Required work: From the records below, please print only the lines from the one containing "group of teachers" through the one containing "A man is reflected", both included. Skip the pictures.

Task data:
____________

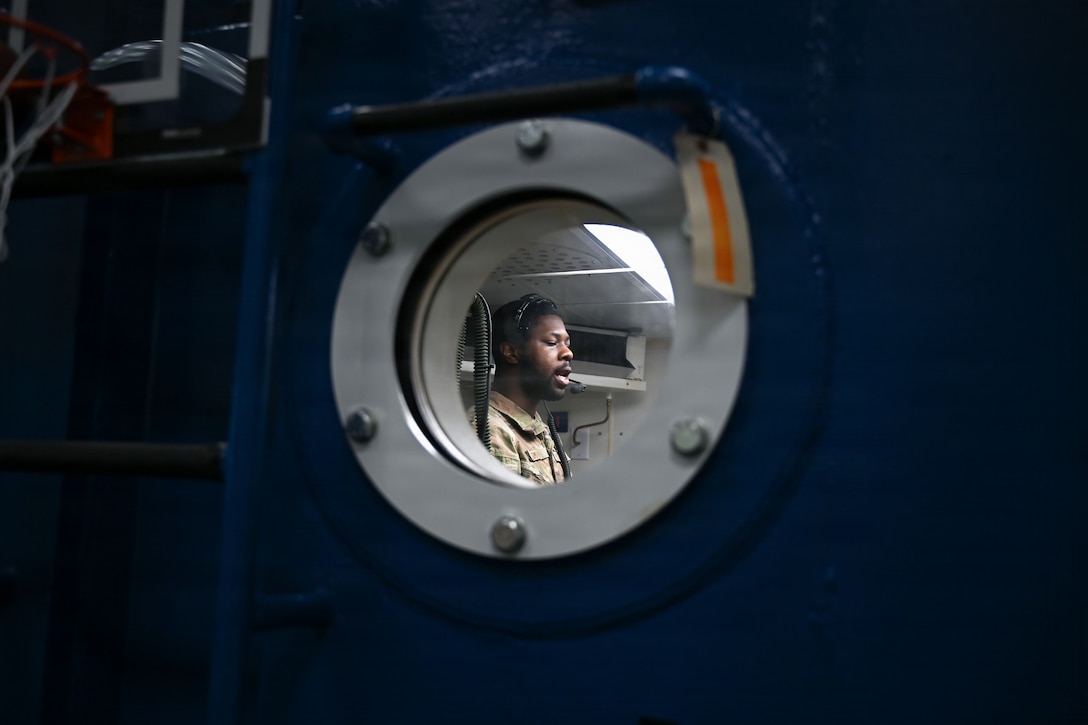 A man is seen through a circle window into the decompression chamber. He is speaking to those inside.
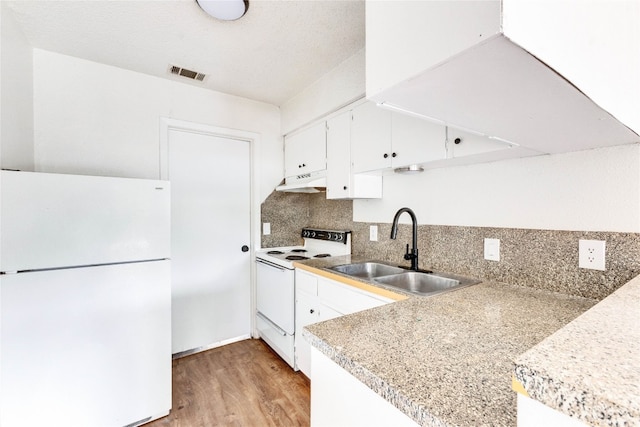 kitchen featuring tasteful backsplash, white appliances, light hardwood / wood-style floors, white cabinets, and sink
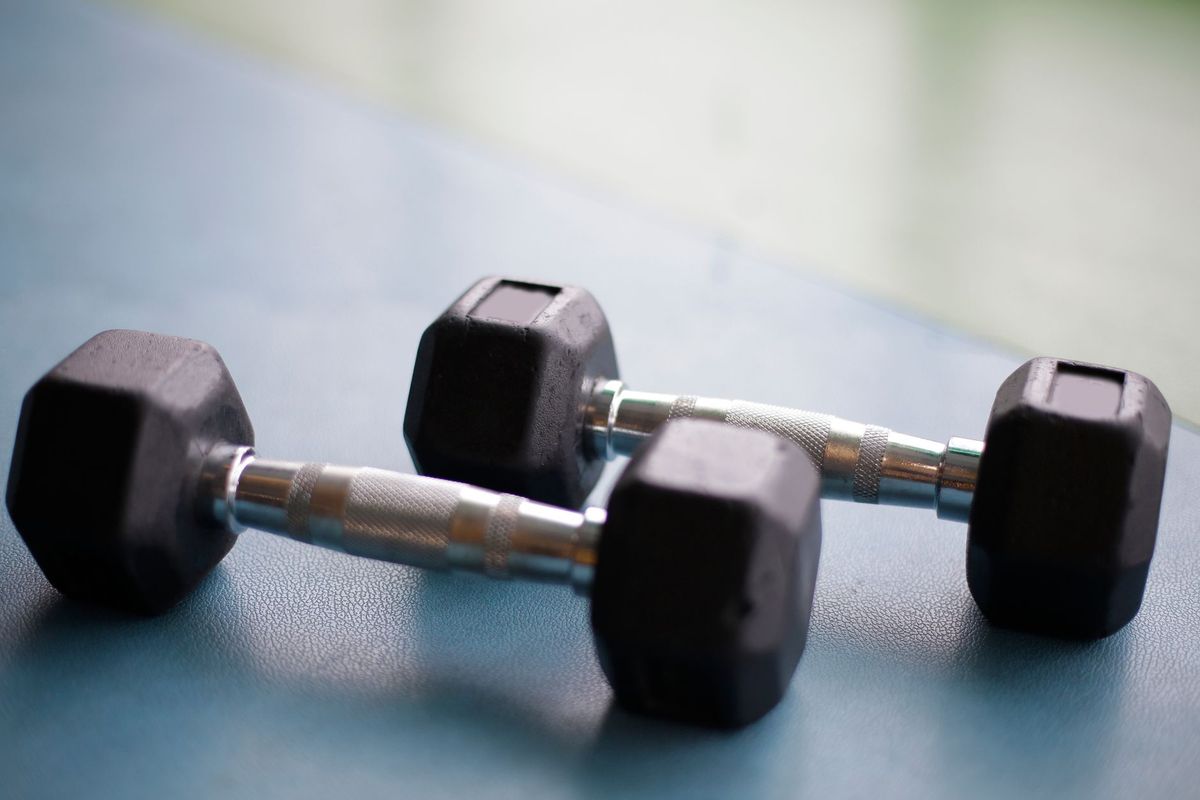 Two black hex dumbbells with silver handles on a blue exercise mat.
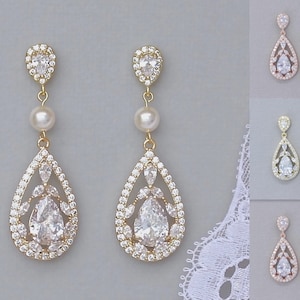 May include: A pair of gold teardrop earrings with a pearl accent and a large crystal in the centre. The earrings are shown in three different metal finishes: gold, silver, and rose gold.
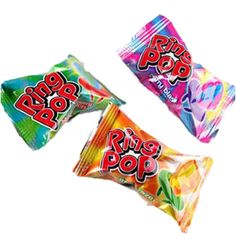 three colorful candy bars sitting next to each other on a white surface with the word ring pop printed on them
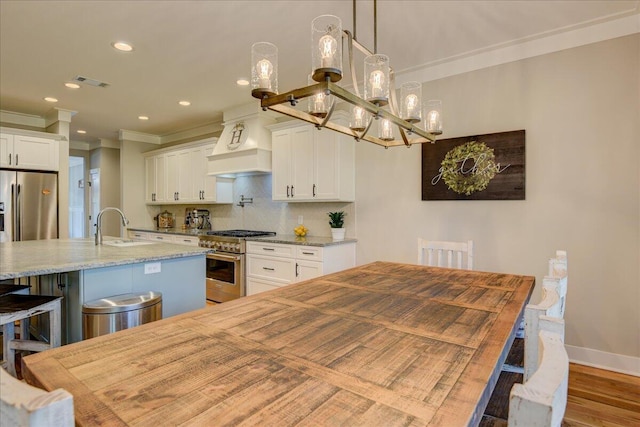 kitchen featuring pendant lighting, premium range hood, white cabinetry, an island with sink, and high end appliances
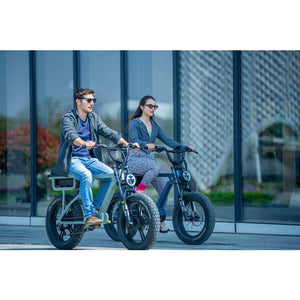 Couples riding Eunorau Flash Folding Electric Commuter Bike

____________

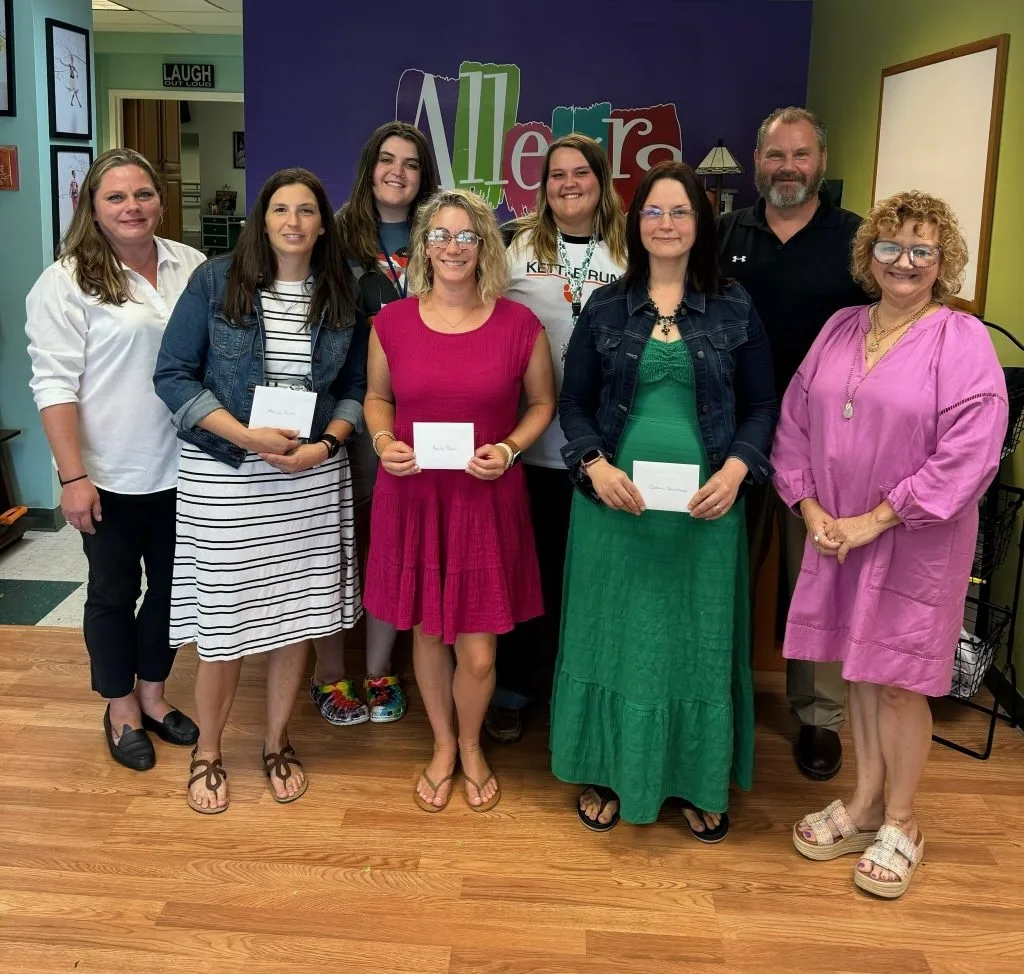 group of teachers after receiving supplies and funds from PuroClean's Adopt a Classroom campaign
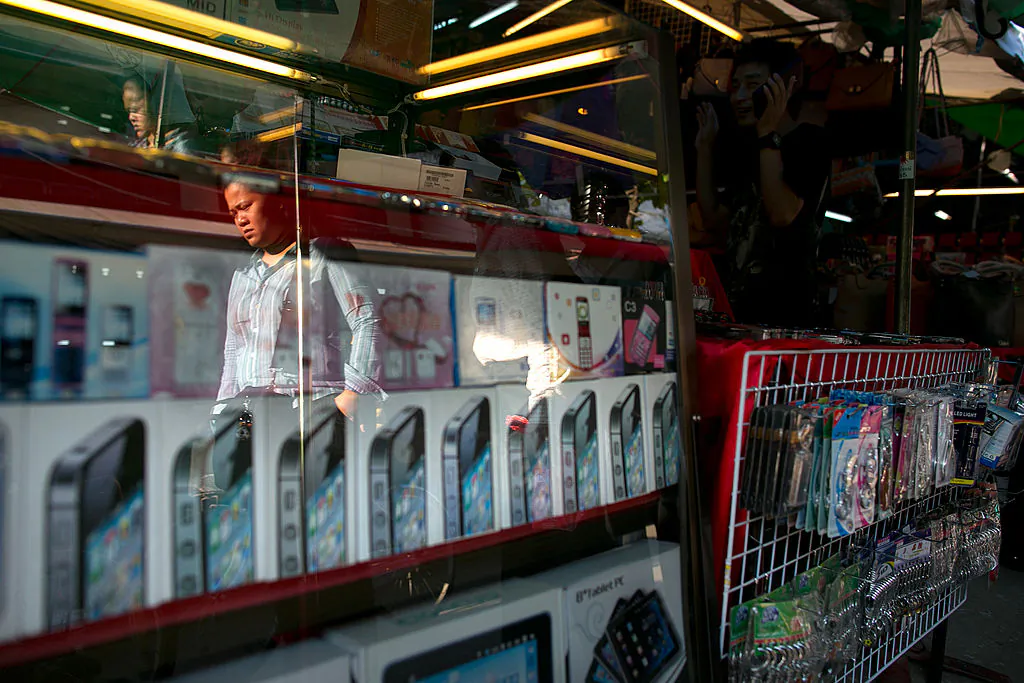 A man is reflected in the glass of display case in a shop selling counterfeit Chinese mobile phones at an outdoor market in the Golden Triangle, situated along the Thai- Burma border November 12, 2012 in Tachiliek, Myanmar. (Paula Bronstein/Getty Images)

____________

Task result:
 group of teachers after receiving supplies and funds from PuroClean's Adopt a Classroom campaign
 A man is reflected in the glass of display case in a shop selling counterfeit Chinese mobile phones at an outdoor market in the Golden Triangle, situated along the Thai- Burma border November 12, 2012 in Tachiliek, Myanmar. (Paula Bronstein/Getty Images)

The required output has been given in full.